The first thing I noticed on downloading the ISO was that it’s dated July 2022 and is based upon Debian 11, Bullseye. This is the same Debian version as the current ARM distro for the Pi, but a year-old ISO leaves me with mild abandonware concerns. I made a note to be especially careful to run an apt upgrade on first boot.

Polished At First Sight, But A  Little Unfinished At The Edges

Screenshot of the Pi desktop with GIMP running
As shipped, it doesn’t bind the Print Screen key. Spectrum image: Bill Bertram, CC BY-SA 2.5.

The installation is extremely straightforward and very Debian in nature.

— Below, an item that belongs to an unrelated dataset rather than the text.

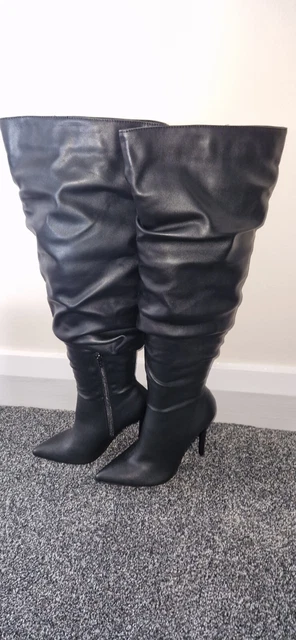 black over the knee boots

You have all the choices and you can go off-piste should you wish, but the default options are pre-selected and thus it’s almost as simple as hitting return at every option. The first boot is familiar to seasoned Pi users, as you’re taken into locale and user creation screens but without the Pi configuration you’d find on the single board computers. Then it’s time to reboot, and after a not-too-long startup, you’re into the familiar Raspberry Pi desktop.

It’s LXDE-based so it’s a smooth experience on the Dell.  Opening up the menu, we find the full Raspberry Pi suite of educational software, plus Chromium, and the LibreOffice productivity suite. There’s a graphical software package installer but it’s limited to a meagre selection of Pi-approved packages, so it’s off to apt should you wish for more. I did exactly that after upgrading my packages, choosing to download the GIMP graphics package. So I’ve installed the Raspberry Pi Desktop, and I’ve got a Debian system with LXDE and a few Pi extras. I can see it’s great for anyone using a Pi on a regular basis, and although the Dell is slow by 2023 standards it’s quick enough to be perfectly usable. It’s a conventional Linux desktop, however there are a few unexpected quirks even so. Out of the box there’s no binding from the Print Screen key to scrot, meaning I had a minor task chasing up how to do that.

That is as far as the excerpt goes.